O adolescente tem um sorriso franco no rosto, que desaparece, quando pergunto sobre a situação mais difícil que já enfrentou após a sua identificação de gênero.
Ele conta que foi alvo de cyberbulling no colégio. O ataque pelas redes sociais mexeu muito com o estado emocional de Caio, principalmente por ter partido de pessoas conhecidas.
“ Foi muito desagradável. São coisas que acontecem muito. Ataques constantes nas redes sociais e nas tvs, mas quando acontece com gente muito próximo de você, é muito desagradável”.

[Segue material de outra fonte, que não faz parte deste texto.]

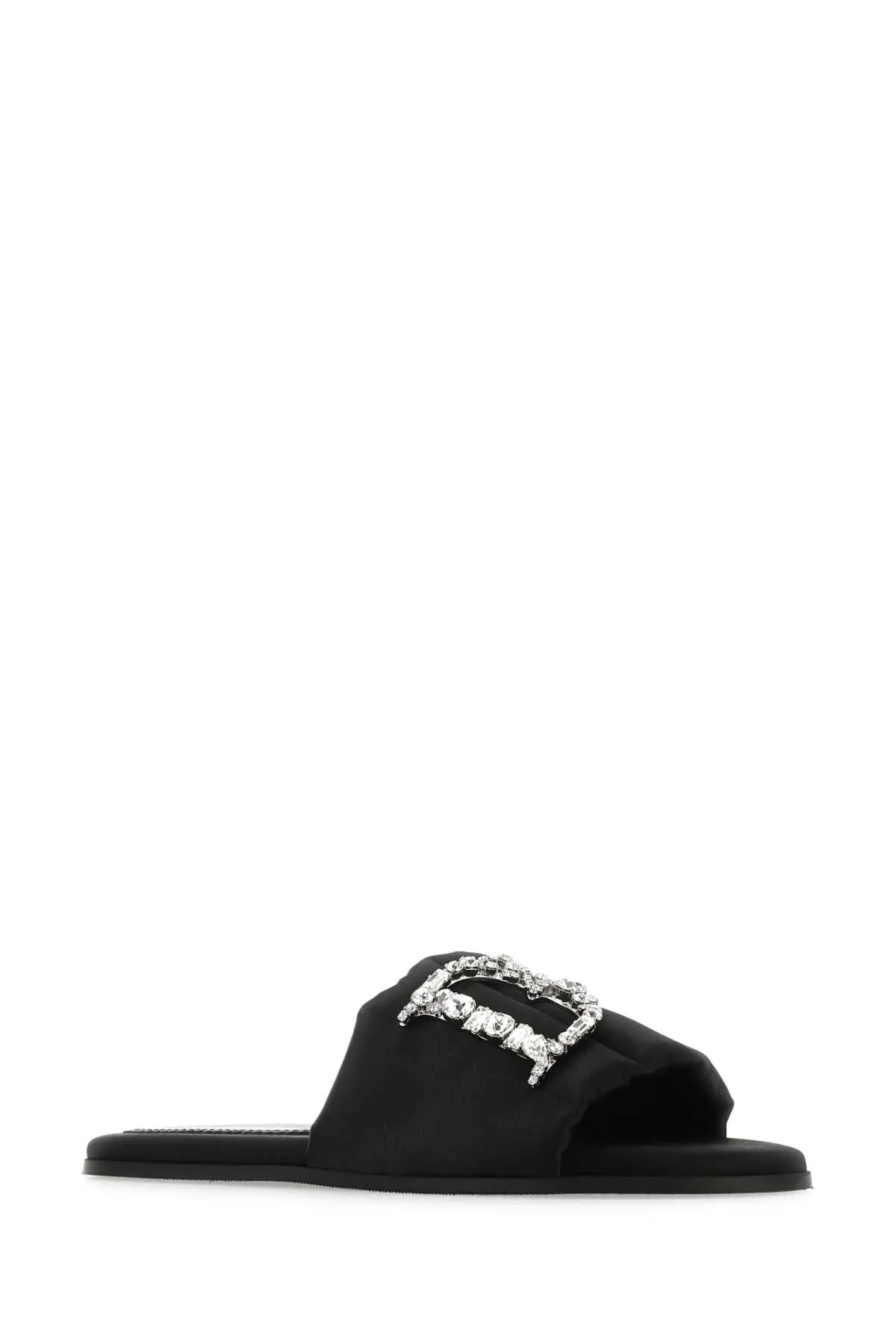 Dsquared Black Satin Slippers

Na entrevista dada ao O Fato em Foco, mãe e filho falam sobre a importância das organizações não governamentais e associações, que apoiam e amparam a população LGBTQIA .
E destacam que a participação das famílias nos grupos é fundamental para ajudar a compreender os processos pelos quais cada pessoa passa. “ A gente acha que entende mas depois vê que tem muito a aprender”, diz Cristina.
Ela é uma das fundadoras do Coletivo Diversidade Arco – Íris, composto por pais, mães e pessoas que se identificam com a causa LGBTQIA . O objetivo do coletivo é estimular a conscientização da sociedade e das famílias de pessoas LGBTQIA sobre a situação que vivem, para que busquem a conquista de direitos, entre outra demandas.
Cristina também já participou da ONG nacional Mães pela Diversidade e da ONG Mães pela Liberdade, uma dissidência do anterior, que deu origem a este grupo de Minas. O motivo é que o Mães pela Diversidade não aceitava a participação dos pais e nem dos filhos. Hoje, os pais foram inseridos. A maior preocupação de Cristina é de que as ONGs sejam lugares de acolhimento.
“Nao é fácil... mas procurem os coletivos que podem escutar e orientar antes que tomem essa medida cruel que é expulsar quem precisa de acolhimento”, reflete sobre o número de integrantes da comunidade LGBTQIA que são colocados para fora de casa ainda na adolescência. E completa: "Acredito na máxima: nada sobre nós sem nós", diz Cristina.
“É um medo constante. Eu tenho a clara noção de que muita coisa vai acontecer ainda. Eu vou sofrer muito preconceito. Não só eu, como outras pessoas vão sofrer por causa dessas pessoas que não entendem que somos pessoas também e merecemos respeito”, diz Caio Gouveia, que, após a entrevista, também declama poema escrito para o Projeto Janelas da Escuta, da UFMG.